Offsetting Lindsay is the equally brilliant Harris who embraces the role of Elphaba with a delicious blend of intelligence and humour. Never once delving too deep into her character's wrath to detach your compassion, she finds that golden middle-ground where you love her, hate her, and redeem her all at the same time.
There are a great deal of comedic extras in this production, which are a welcomed addition to the original show and brilliantly orchestrated.

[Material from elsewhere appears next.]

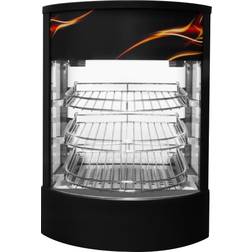 Kukoo Countertop Glass Display Hot Food Warmer Heated Cabinet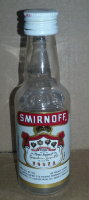 минибутылка на 0,05л пустая  Smirnoff-1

The casting of the two leads could not have been better. The coupling of Lindsay's soprano voice with Harris's alto, is breathtaking. When Harris sang, “The Wizard and I,” the house erupted with applause, and later when she and Lindsay sang, “Defying Gravity,” the ear-piercing screams were so powerful you would have thought it was the finale and not just the last song before the intermission.
When the volume settled to a voice-discernible level, voices resounded in praise: words like, amazing, and astounding were passed around freely.
There were a couple of misguided or perhaps misplayed sections in the show, which did not actually deter from the performance but were simply noticeably inconsistent with what appeared to be the intention. One such spot came with the introduction of Fiyero (Matt Shingledecker). While the dialogue suggested he was a rebel and a womanizer, his comical posturing and dance sequence drew uncontrolled giggles from the audience. Shingledecker is charming as the malleable Fiyero and a hilarious and eclectic blend of naiveté and enlightenment.
Wicked is kind of a Behind the Scenes of The Wizard of Oz where we discover that Elphaba is not really wicked at all: she was simply doing what she could to make things better. When a young cub is caged and suppressed she attempts to rescue it, with unfortunate results. When her sister destroys the heart of a young man in an attempt to control him, Elphaba tries to repair the damage, again with disastrous results. Elphaba, in an attempt to protect the man she loves, well, you get where this is going.
It is interesting to note that love is at the core of the all the women's undoing. When Elphaba fails to save the things she loves, she then becomes a wicked witch. Her younger sister, when she fails to win over the man she loves, also becomes a wicked witch. Even Glinda, when she feels she is losing the man she loves, releases a cyclone of redemption and subsequently, if only temporarily, becomes a wicked witch. And it is not until Elphaba finally falls in love that she truly, “feels wicked.”
Magic spells, music, and mayhem. Glorious set design, sound design, and spectacular costumes. Wicked has it all and then some. Opening night saw a standing ovation that began before the lights came up! Bring the entire family!